August 14, 2008

The Kids Aren’t Alright

Now for a little trip down memory lane.

If you were a kid without cable in the 90s you’re bound to recognise this. It’s the fabled Ning Nang Nong! Watching this as an adult, it makes absolutely no sense and I’m not entirely sure the creators weren’t on acid (erm cows going bong and dancing mushrooms?) but I love it.

As a kid it was my favourite Playschool video. Whenever it came on i’d be singing along happy as a smurf. Those were the days when kids like me depended on the ABC to provide quality after school entertainment.

I don’t know if it’s because I’m older, but I have the impression that children’s TV isn’t what it used to be, especially on the ABC. I suspect it has to do with the fact that they have a smaller budget and are competing with cable 24-hr children’s channels like Nickelodeon, which have lots of advertising and huge budgets.

The ABC used to have rad shows like TinTin, Captain Planet, the Discworld Series, who could forget Mr Squiggle, Art Attack and T-Bag and the Pearls of Wisdom?

Now they show insipid crap like Zoe 101 (a Nickelodeon show); I’m sorry but just because her sister is Britney Spears doesn’t mean Jamie Lynn has a personality.

Can we stop making children’s TV shows where the kids act 30, wear make-up and go shopping after school? It seems like all these shows do is tell kids they should construct their identity through what they buy, so that a toy manufacturer or a tween fashion magnate can buy another Mercedes; meanwhile they don’t encourage kids’ imaginations. Kids don’t get a chance to be kids.

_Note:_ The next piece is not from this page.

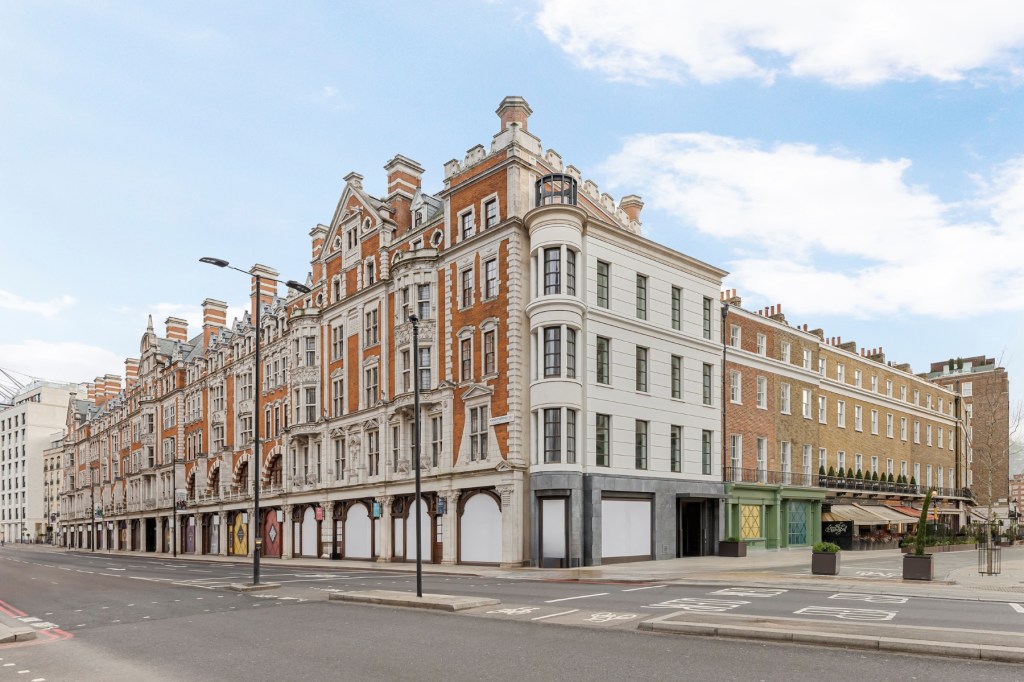 Prominent corner building combining restored historic architecture with contemporary design, located along a wide urban boulevard.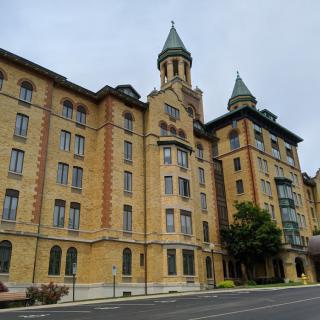 A historic building with prominent towers and detailed architectural features.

When I was little I lived in a world of my imagination and I was innocent; the children I meet these days are completely different. I keep seeing kids that look 40. They know so much about the world and loose their innocence at such an early age; by the time they’re 8, they’re already fashion conscious and bona fide consumers. I see little girls wearing high heels and make-up; my little cousin was weight-conscious and dieting at age 9, and she wasn’t even pudgy! They’re growing up too fast.

But it’s not really that suprising when the child stars they see as role models, are doing it too. Jamie Lynn was pregnant at 16, and Miley Syrus, star of Hannah Montana, posed semi-nude nude for Vanity Fair earlier this year, aged 15.

But TV isn’t completely to blame – with parents buying Nikes for toddlers and sending them to early education preschools where they start learning to read at 3, so that their can rave at their next tea party about how little Johnny can already write his ABCs – kids are being taught about the world much earlier and it’s monkey see monkey do. We are living in a world that is less innocent and that is reflected by our children.